Two kinds of not deciding
There’s a version of ‘not deciding’ that is pure avoidance. You don’t choose, you drift at the mercy of the tides, even if you call it being open-minded.
Epoché isn’t that.
It’s closer to what good improvisers do on stage and sports stars in the stadium:
- you notice what’s there
- you stay available to what’s emerging
- you delay commitment until it’s useful
You grant yourself time to see what’s developing before you interpret it.
Decision-timing
Epoché is the skill of staying with not-knowing long enough to make a better move. It’s a practical embrace of uncertainty.
When we’re under pressure, we often do the opposite. We decide early, not because the time is ripe, but because uncertainty feels unbearable, and the early decision gives quick relief:
- A label (‘This is a motivation problem’)
- A plan (‘We’ll roll out a new process’)
- A story (‘They’re resisting change’)
And once we’ve chosen, we start defending it. We stop noticing and narrow the field.
In improv terms, we commit to the first offer as if it’s the only offer, and now the scene is perhaps too tightly constrained.
What works better
Epoché gives you a middle space: I’m not deciding yet – and I’m not drifting either.
It’s an active, engaged practice of:
- Observing
- Testing
- Keeping multiple hypotheses alive
- Collecting the next piece of information that improves your options
Here are a few practical ways to use epoché – in a meeting, in a decision or in a difficult conversation.

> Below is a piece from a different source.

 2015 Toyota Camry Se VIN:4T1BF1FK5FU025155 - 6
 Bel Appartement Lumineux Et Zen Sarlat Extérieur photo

- Be aware what you’re not deciding yet
- Bracket the tempting explanation
- Replace ‘What should we do?’ with ‘What do we need to notice?’
- Make a small, reversible move
Epoché doesn’t mean inactivity. It means low-stakes action while the picture forms. Think:
- A pilot
- A test conversation
- A prototype
- A short time-boxed experiment
Choose a decision point You can still re-assure yourself with a boundary:
- ‘We’ll gather data until Friday, then decide.’
- ‘We’ll decide once we’ve heard from the two people closest to the problem.’ Improvisation trains us to stay composed when we don’t yet know where the scene is going. And It’s surprisingly calming, because it replaces ‘I must know now’ with ‘I can proceed with uncertainty’.
This week, notice where you’re tempted to decide too soon. Pause. Stay with uncertainty and emergence a little longer. Let the next piece of information arrive. Then decide not from urgency, but from awareness.